MATERIAL PROVIDED ->
· · · ·

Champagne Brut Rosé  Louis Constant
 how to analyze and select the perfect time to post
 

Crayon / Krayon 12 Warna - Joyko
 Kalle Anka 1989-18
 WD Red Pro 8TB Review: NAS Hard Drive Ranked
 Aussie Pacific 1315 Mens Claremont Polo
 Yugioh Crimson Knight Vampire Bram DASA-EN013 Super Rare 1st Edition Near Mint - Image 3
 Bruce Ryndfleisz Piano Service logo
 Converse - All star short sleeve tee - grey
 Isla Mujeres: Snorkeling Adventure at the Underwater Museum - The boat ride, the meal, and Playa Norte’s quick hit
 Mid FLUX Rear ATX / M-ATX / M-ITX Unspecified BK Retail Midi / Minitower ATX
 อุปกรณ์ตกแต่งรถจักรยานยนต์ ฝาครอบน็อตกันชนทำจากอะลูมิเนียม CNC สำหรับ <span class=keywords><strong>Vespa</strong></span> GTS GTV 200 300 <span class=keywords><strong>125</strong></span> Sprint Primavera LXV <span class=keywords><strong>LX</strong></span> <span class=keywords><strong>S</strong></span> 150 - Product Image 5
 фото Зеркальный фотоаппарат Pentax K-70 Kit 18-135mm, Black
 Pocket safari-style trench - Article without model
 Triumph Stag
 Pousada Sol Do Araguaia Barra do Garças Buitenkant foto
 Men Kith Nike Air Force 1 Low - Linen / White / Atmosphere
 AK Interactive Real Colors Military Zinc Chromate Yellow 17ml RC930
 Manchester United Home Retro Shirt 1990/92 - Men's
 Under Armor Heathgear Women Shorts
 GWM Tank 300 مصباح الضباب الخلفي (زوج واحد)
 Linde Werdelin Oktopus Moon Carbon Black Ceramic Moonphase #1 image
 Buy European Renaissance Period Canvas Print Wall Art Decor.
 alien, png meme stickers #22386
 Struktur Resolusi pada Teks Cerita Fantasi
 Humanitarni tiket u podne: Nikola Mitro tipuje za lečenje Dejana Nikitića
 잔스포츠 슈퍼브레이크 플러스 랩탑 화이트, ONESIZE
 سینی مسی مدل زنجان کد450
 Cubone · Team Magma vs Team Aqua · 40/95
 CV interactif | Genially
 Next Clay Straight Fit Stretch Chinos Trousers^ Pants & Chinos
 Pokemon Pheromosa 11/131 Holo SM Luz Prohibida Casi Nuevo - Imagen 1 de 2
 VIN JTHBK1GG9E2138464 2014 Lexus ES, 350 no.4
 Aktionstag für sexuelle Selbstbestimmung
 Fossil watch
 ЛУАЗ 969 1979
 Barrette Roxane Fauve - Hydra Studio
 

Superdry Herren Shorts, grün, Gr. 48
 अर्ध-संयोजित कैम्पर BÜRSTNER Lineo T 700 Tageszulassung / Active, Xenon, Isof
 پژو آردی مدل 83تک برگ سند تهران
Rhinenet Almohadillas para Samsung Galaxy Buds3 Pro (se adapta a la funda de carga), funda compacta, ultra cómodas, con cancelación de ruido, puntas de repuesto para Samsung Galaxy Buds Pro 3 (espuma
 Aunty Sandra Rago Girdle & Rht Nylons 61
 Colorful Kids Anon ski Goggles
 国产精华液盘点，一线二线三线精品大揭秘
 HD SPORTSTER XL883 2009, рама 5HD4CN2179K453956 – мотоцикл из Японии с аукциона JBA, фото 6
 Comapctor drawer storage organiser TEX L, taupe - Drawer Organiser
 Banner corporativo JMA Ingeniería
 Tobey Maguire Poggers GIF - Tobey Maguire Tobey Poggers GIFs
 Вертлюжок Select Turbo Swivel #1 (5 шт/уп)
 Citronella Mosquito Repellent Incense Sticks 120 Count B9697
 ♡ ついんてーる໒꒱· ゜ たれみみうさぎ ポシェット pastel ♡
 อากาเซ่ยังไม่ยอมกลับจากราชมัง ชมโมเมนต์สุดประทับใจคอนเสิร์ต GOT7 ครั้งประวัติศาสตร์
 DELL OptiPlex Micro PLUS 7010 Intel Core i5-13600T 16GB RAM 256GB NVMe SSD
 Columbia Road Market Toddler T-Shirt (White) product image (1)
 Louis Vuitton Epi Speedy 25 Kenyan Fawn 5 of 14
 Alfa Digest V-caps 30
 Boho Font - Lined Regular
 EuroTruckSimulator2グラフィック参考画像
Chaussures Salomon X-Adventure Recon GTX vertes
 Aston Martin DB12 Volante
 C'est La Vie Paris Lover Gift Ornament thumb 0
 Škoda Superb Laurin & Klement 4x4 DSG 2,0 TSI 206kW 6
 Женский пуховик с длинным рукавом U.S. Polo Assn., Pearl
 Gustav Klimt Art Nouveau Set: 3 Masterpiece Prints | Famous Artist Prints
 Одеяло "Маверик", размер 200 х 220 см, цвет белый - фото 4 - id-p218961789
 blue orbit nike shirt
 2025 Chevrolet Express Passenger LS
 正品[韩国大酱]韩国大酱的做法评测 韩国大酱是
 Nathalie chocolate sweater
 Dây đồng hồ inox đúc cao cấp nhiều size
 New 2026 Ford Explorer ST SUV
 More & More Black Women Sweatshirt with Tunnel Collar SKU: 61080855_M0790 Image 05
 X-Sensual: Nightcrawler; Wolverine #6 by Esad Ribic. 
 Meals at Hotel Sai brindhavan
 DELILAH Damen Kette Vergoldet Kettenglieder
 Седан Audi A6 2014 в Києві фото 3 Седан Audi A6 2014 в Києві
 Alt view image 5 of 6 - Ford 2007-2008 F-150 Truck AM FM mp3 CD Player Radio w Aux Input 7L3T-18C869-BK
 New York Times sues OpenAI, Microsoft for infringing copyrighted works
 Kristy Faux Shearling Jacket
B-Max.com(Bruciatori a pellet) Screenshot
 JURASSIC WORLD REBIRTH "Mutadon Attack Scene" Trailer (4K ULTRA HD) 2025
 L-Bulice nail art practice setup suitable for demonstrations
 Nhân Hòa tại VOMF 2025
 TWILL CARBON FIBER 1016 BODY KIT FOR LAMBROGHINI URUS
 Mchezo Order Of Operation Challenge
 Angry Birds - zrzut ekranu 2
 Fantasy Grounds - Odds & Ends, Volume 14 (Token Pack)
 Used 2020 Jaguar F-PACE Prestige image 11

· · · ·

Respond with the count of lines above holding the string "Ford", and leave out everything else.

2